Baked Onion Rings and Potato Wedges
Onion Rings
1 Onion (brown or white)
1/2 cup buttermilk
1/2 cup breadcrumbs and/or crushed crackers.
olive oil or cooking spray
Potato Wedges
4 potatoes, washed
salt
paprika
olive oil
chili powder
Onion Rings
- Preheat oven to ~200-210C (my cookbook says max... so hotter works too I suppose)
- Peel onion and slice into ~0.5-1cm thick rings.
- Separate individual rings (I set aside the small inner ones to use later)
- Pour buttermilk into shallow bowl and put breadcrumb/cracker mixture into another shallow bowl or on a plate. I use a mix of Premium crackers (like saltines) and store bought breadcrumbs.
- Dredge onion rings through butter milk, then coat with breadcrumb mixture.

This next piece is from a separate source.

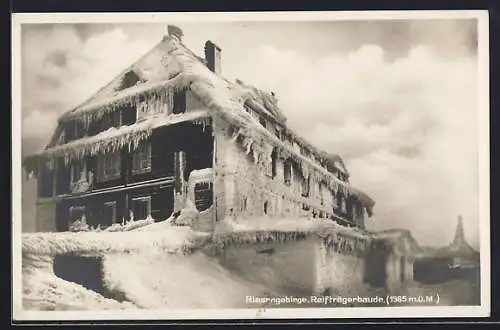 AK Reifträgerbaude, Aussenansicht der überreiften Berghütte, mit Hüttenstempel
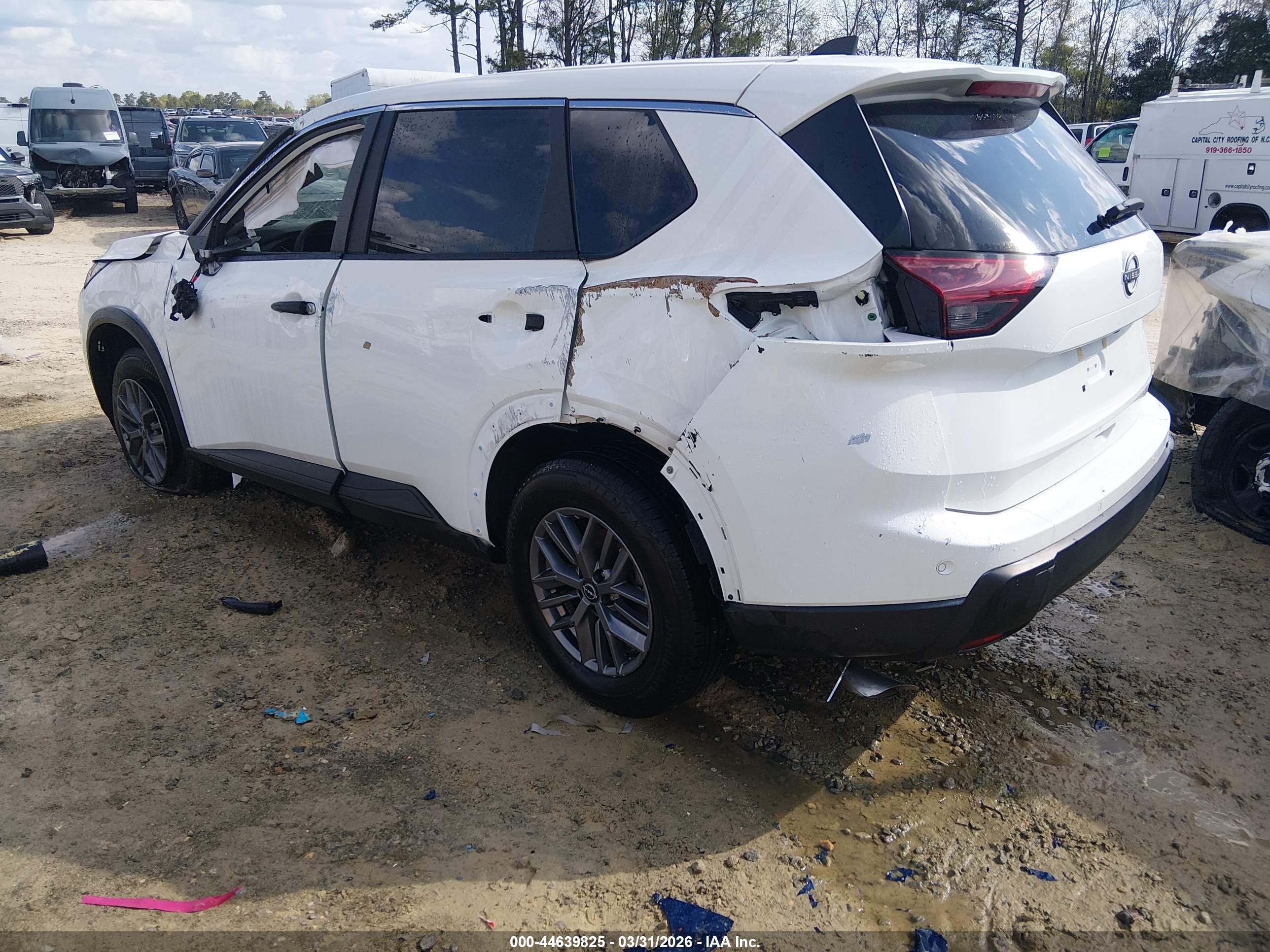 NISSAN ROGUE image 3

- Place on a cookie tray (I put down wax paper so they don't stick).
- Recipe says to lightly coat in cooking spray. I don't own any cooking spray so I use a bit of olive oil and just lightly brush them.
- Bake for ~20 minutes or until golden and tender.
Potato Wedges
- Preheat oven to 220C
- Slice potatoes into wedges, and toss into a large bowl.
- Toss with oil, salt and spices. Don't use too much oil (a few glugs? I didn't measure, sorry).
- Spread out evenly on a baking tray (or two, I used two). Again, I laid down wax paper first to keep it from sticking.
- Bake for 30-50 minutes or until crispy and brown. Check after 30 minutes, depending on thickness of slices, they are usually ready around 40 minutes.
- Really good with ketchup and Tabasco.
Ideally, with both of these recipes, you would cook them on a silpat or similar, I don't own one of those, so I used wax paper on baking sheets. I've recently been informed that we should use parchment paper instead of wax paper in baking, so I'll be trying that in the future.
The recipe for potato wedges can also be applied for sweet potato fries as well. In this case, I'd add some brown sugar and cumin along with the paprika. Sweet Hungarian paprika is best for sweet potato, while a smoked paprika is better on the potato wedges. It's not a huge difference, however, and I use whatever is handy.
If you are wary of buying buttermilk because you're thinking to yourself 'what the heck am I going to do with the rest of this?'. Well, it can be used in breading chicken, or you can make Buttermilk Biscuits, or there are a multitude of other recipes that call for it - why not plan ahead?
I think the next blog post will be pickled vegetables. Either that or the slow cooker chili I plan on making this weekend along with some no-knead bread.